Stopping and Resuming a Tune Run¶

Ray Tune periodically checkpoints the run state so that it can be restarted when it fails or stops.

If you send a SIGINT signal to the process running Tuner.fit() (which is usually what happens when you press Ctrl+C in the console), Ray Tune shuts down training gracefully and saves a final experiment-level checkpoint.

Ray Tune also accepts the SIGUSR1 signal to interrupt training gracefully. This should be used when running Ray Tune in a remote process (e.g. via Ray client) as Ray will filter out SIGINT and SIGTERM signals per default.

How to resume a Tune run?¶

If you’ve stopped a run and and want to resume from where you left off, you can then call Tuner.restore() like this:

tuner = Tuner.restore(
    path="~/ray_results/my_experiment"
)
tuner.fit()

There are a few options for resuming an experiment: “resume_unfinished”, “resume_errored” and “restart_errored”. See Tuner.restore() for more details.

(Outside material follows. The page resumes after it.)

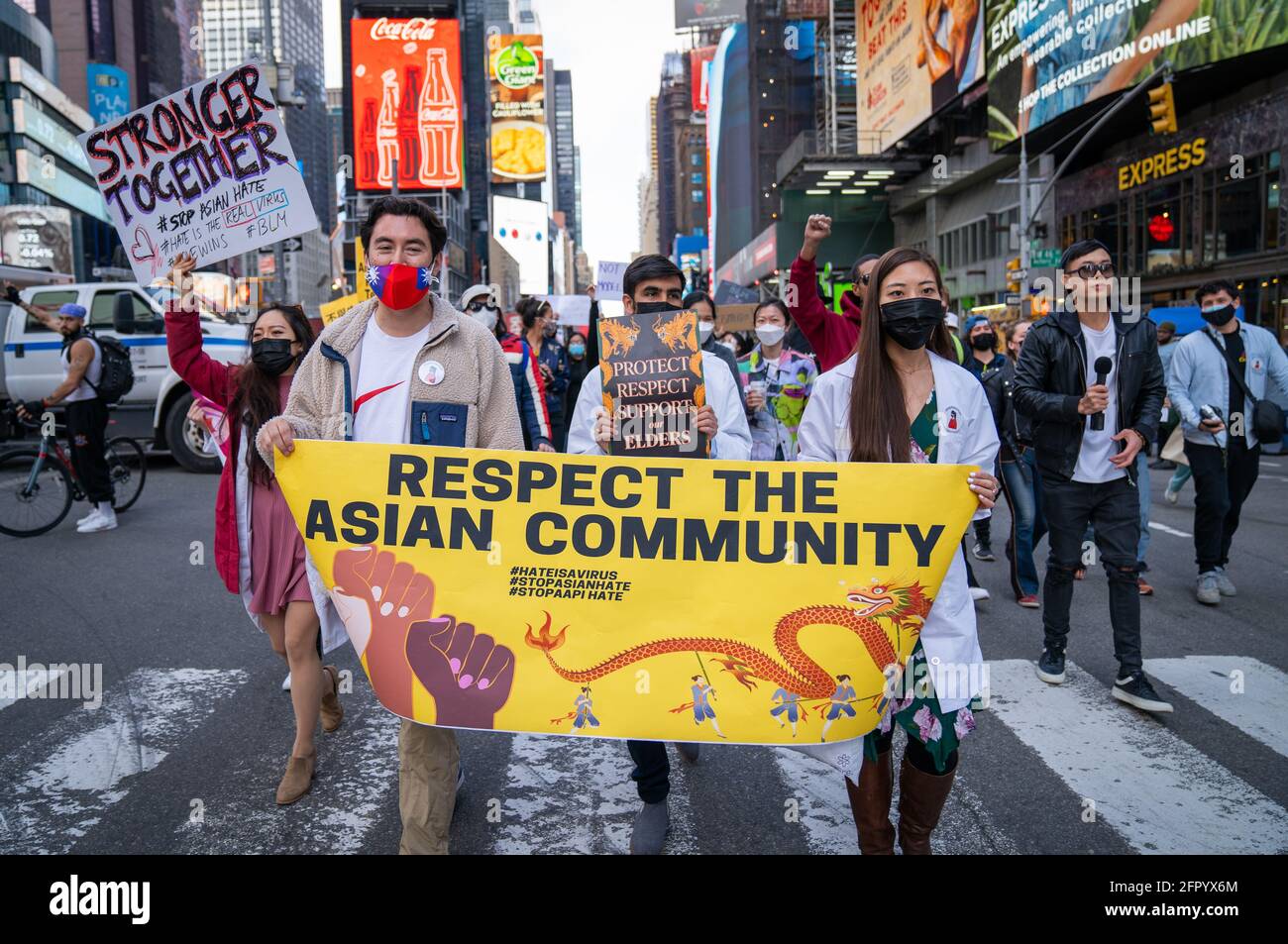 Stop Asian Hate rally in Time Square Manhattan, NYC. Stock Photo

path here is determined by the air.RunConfig.name you supplied to your Tuner(). If you didn’t supply name to Tuner, it is likely that your path looks something like: “~/ray_results/my_trainable_2021-01-29_10-16-44”.

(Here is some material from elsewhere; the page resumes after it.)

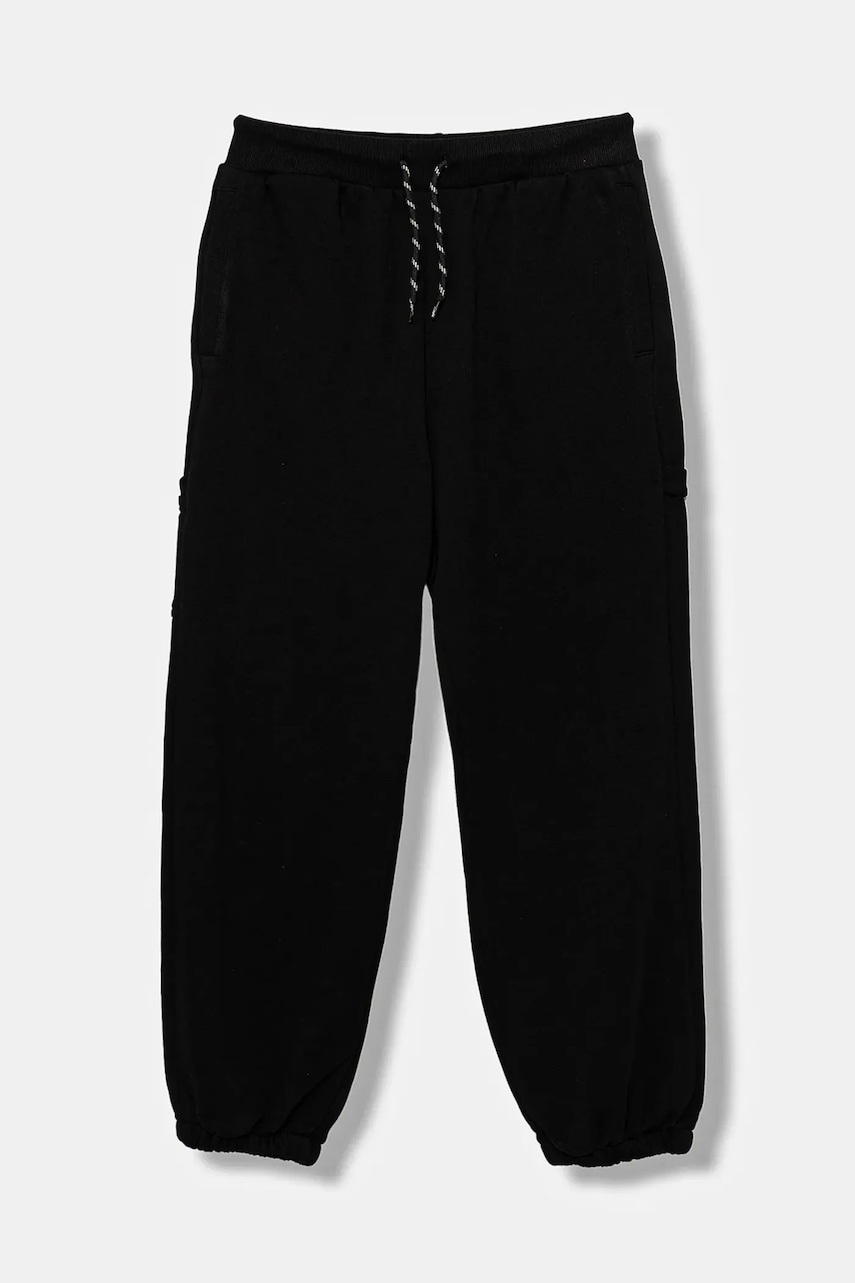 United Colors of Benetton pantaloni de trening din bumbac pentru copii culoarea negru, uni, 3J68CF06L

You can see which name you need to pass by taking a look at the results table of your original tuning run:

== Status ==
Memory usage on this node: 11.0/16.0 GiB
Using FIFO scheduling algorithm.
Resources requested: 1/16 CPUs, 0/0 GPUs, 0.0/4.69 GiB heap, 0.0/1.61 GiB objects
Result logdir: /Users/ray/ray_results/my_trainable_2021-01-29_10-16-44
Number of trials: 1/1 (1 RUNNING)

What’s happening under the hood?¶

Here we talked about two types of Tune checkpoints. Both checkpoints come into play when resuming a Tune run.

When resuming an interrupted/errored Tune run, Tune first looks at the experiment-level checkpoint to find the list of trials at the time of the interruption. Ray Tune then locates the trial-level checkpoint of each trial.

Depending on the specified resume option (“resume_unfinished”, “resume_errored”, “restart_errored”), Ray Tune then decides whether to restore a given non-finished trial from its latest available checkpoint or start from scratch.

How to stop Tune runs programmatically?¶

We’ve just covered the case in which you manually interrupt a Tune run. But you can also control when trials are stopped early by passing the stop argument to Tuner. This argument takes, a dictionary, a function, or a Stopper class as an argument.

If a dictionary is passed in, the keys may be any field in the return result of session.report in the Function API or step() (including the results from step and auto-filled metrics).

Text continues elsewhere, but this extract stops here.